I remain totally baffled as to why both Linux and Windows users both need to use Vbox.

I have the following suggestions :
1. Either LHC should opt-out of FB sprints, OR, preferably, try to ensure it has SixTrack available for the next one
2. As has been mentioned above, LHC need to provide minimum specs and up-to-date guidance on how to run each app
3. Pay partial credits for failed work if it is not the fault of the volunteer

As a (more or less) innocent bystander, I can offer the following observations:
(1) The reason CMS requires VBox has been discussed many times by various people, including myself.
(2) This is a complicated project (set of projects actually, each different).
(3) I have been doing it, including native ATLAS and Theory since they first became available.
(4) Each time I set up a new machine, I have to learn what the latest procedure is, since it often changes.
(5) This is not for beginners.
(6) In fact, it may not be for home users at all, depending on your interest level.
(7) I have no idea what "FB sprints" are, and don't want to find out, But I expect this is not for them, whoever they are.
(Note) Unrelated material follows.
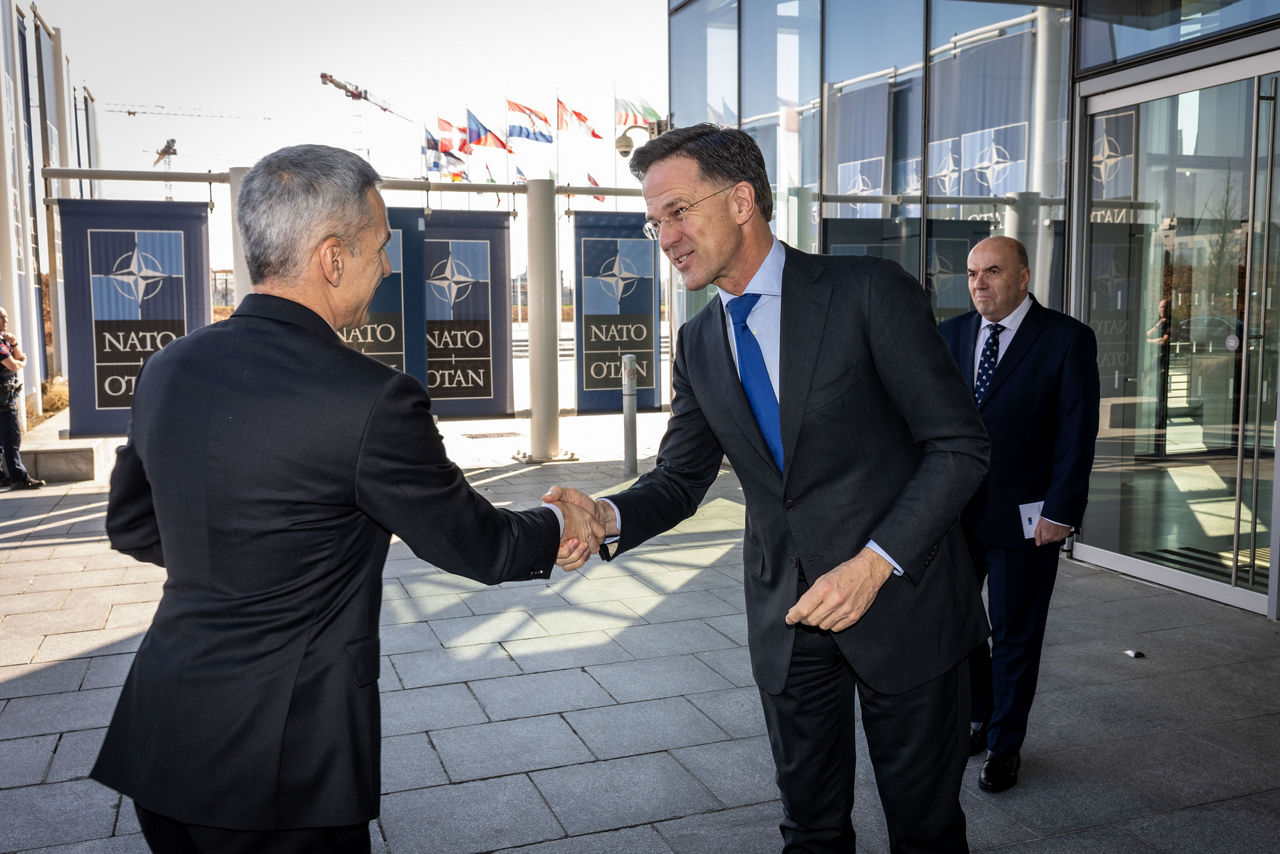 NATO Secretary General meets the Prime Minister of Bulgaria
Good luck. It can be a lot of fun, but it is an acquired taste. (And computezrmle is the real expert on the subject).
ID: 43160 · Report as offensive     Reply Quote
Greger

Send message
Joined: 9 Jan 15
Posts: 149
Credit: 431,596,822
RAC: 0
Message 43164 - Posted: 1 Aug 2020, 22:20:56 UTC

For personal view am against this "Sprint" it specifically this "3 days event" and cause a more trouble then project would gain from it. I made post at Cosmology for it and other projects that i contribute to such as TN-Grid was effected hard from this short "flow" of host. There are several negative aspect that i see and in my view it become brute force and same affect as DOS attack to web server and boinc servers. It no longer used as way for project admins to test network and boinc servers. It is become place for volunteers that is not satisfied to contribute in long term and take power in large crowd to attack project to prove something that already been proven. We have seen it several times for several years and it continue over and over again for same projects without any benefit. Website and boinc servers with no response for users and task flow that disappear and been dropped few days later. This a pain for admin to project to deal with and put a lot of time to regenerate new work units and purge data to db and spend time change parameters in feeder/scheduler To limit flow to host and they increase minimum quorum or increase size of wu like TN-Grid does after each event and become habit each year.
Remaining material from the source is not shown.